Some examples of configurations I often add are:
DirectoryIndex index.rss index.php index.html
# THINGS TO CHANGE WHEN THE SERVER GETS SLOW (switch 'em)
# Buffering logs - Not good for dev, very good for production
BufferedLogs On
HostnameLookups Off
When you’re ready start apache:
/etc/init.d/httpd start
and to make sure it always starts with the server:
/sbin/chkconfig --add httpd
Turbo Charge PHP
I’m a big fan of the APC PHP Pre-Compiler/Accelerator. It works by caching the text-based PHP file’s compiled opcode and runs that until the original file is modified. This greatly speeds up the process of PHP files and speeds up larger PHP-based applications with a lot of files, like WordPress. You can even tell APC to not even check the drive for updates, just served the cached page, until the server is restarted or the cached cleared. I also like the persistent shared memory it can introduce to PHP.
It requires the developer tools to be installed:
install gcc make mlocate autoconf
Then I’d recommend install APC based on this guide: 2bits.com/articles/installing-php-apc-gnulinux-centos-5.html
For the record, here’s what my “/etc/php.d/apc.ini” file currently looks like. I’ve assigned 48mb of ram, and I’m telling APC not to check the disk for updates, just serve the cached page:
extension="apc.so"
apc.enabled = 1
apc.shm_size = 48
apc.ttl = 7200
apc.user_ttl = 7200
apc.optimization = 1
apc.stat=0
MySQL
Start MySQL:
/etc/init.d/mysql start
and to make sure it always starts with the server:
/sbin/chkconfig --add mysql
You’ll have to set a root password for MySQL:
mysqladmin -u root password yourrootsqlpassword
and then proceed to add whatever accounts and database you’d like to add however you’d like to do that. In my case I download PHPMyAdmin and configuring it. What I also do is add to my own Apache config file some IP restrictions like this (with some example IPs):
<Location "/phpmyadmin">
Order deny,allow
deny from ALL
Allow from 127.0.0.1
Allow from 192.168.
# Force clients from the Internet to use HTTPS
RewriteEngine on
RewriteCond %{SERVER_PORT} ^80$
RewriteRule ^phpmyadmin/*$ https://%{SERVER_NAME}%{REQUEST_URI} [R,L]
</Location>
That’s the really geeky part covered, next I’ll look at the more interesting element: Setting-up Google Apps including Gmail for the whole system’s mail.

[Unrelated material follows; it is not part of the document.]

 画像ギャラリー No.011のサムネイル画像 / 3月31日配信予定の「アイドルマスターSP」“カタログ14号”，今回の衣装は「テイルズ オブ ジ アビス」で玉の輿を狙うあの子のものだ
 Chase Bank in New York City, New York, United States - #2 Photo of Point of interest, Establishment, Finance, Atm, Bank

September 3rd, 2009 at 00:17
Hey good stuff…keep up the good work!
October 13th, 2009 at 15:00
Wow, I wish I had found this a long time ago. While I’ve already had a web server up and running for a while, I just spent hours banging my head against a problem where APC file uploads worked on Ubuntu but not on Centos.
I ran into two huge issues in solving this problem:
– Make and Locate were not installed by default (wtf?!). Your blog post would’ve keyed me into this, if I had found it in time.

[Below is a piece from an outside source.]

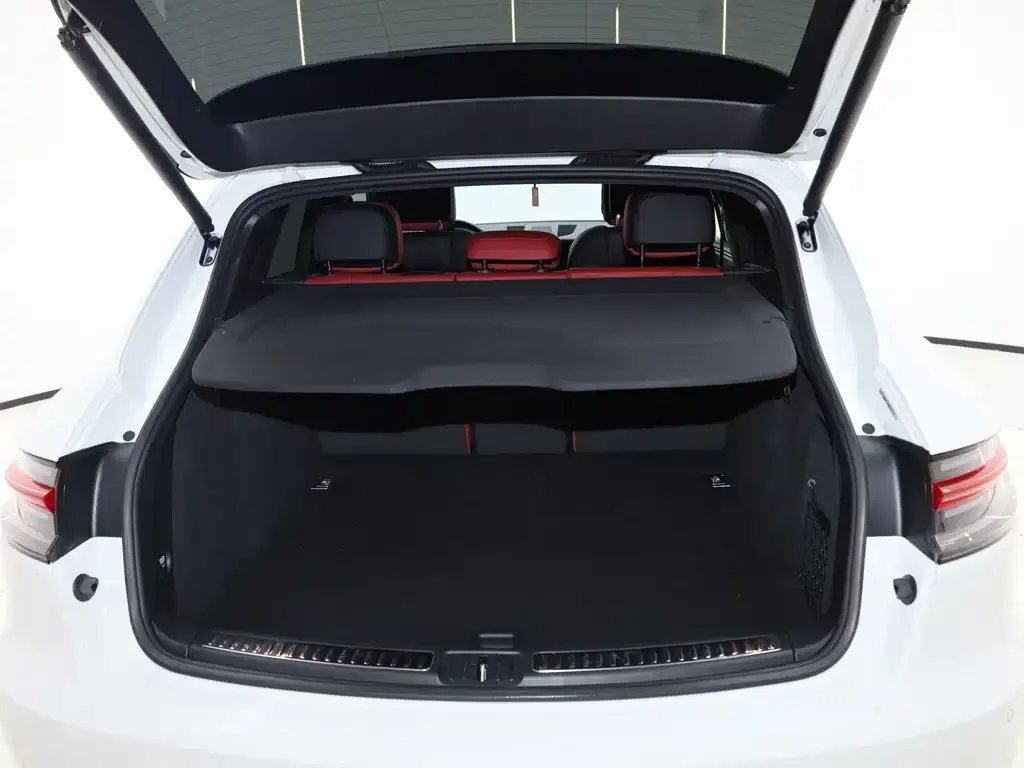 Porsche Macan 2022 из CN, фото 9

– The Yum installable PHP version is 5.1.x. The APC RFC.1867-specific options (apc.rfc1867, apc.rfc1867_freq, apc.rfc1867_name, apc.rfc1867_prefix) don’t show up until PHP 5.2.x. I kept banging my head against a wall until I hit up “php -v” and saw my problem. Oh, and then getting the new version of PHP…
The lack of standardization between the Linux variants is my single biggest computing impediment, these days. I have abandoned Windows servers a while back, but things like this sometimes make me regret it.

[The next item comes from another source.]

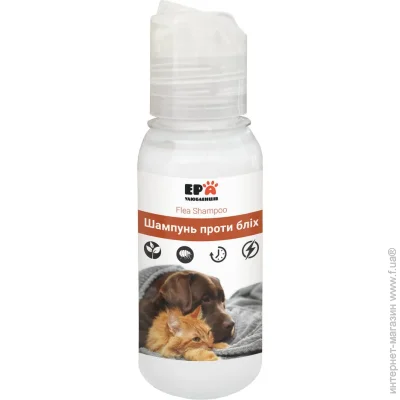 Multichem    Flea Shampoo 100  (202511)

ANYways, thanks for the great blog post.
October 22nd, 2009 at 09:48
Thanks for the positive words. I’m almost ready to post the follow-up of how integrate Google apps for the rest of the job. I’m just waiting for the third person I’ve convinced to make the switch to complete the process so that I’ve got a large enough frame of reference.
I can’t conceive of ever running a windows server, but I admit that’s because I’ve got no experience with it and the complexity of the security side just scares me — but Linux really needs to push towards standardization. I’m not sure of common starting points like the Red Hat derived distros and the Debian derived distros are making thing more standardized or making them deceptively similar.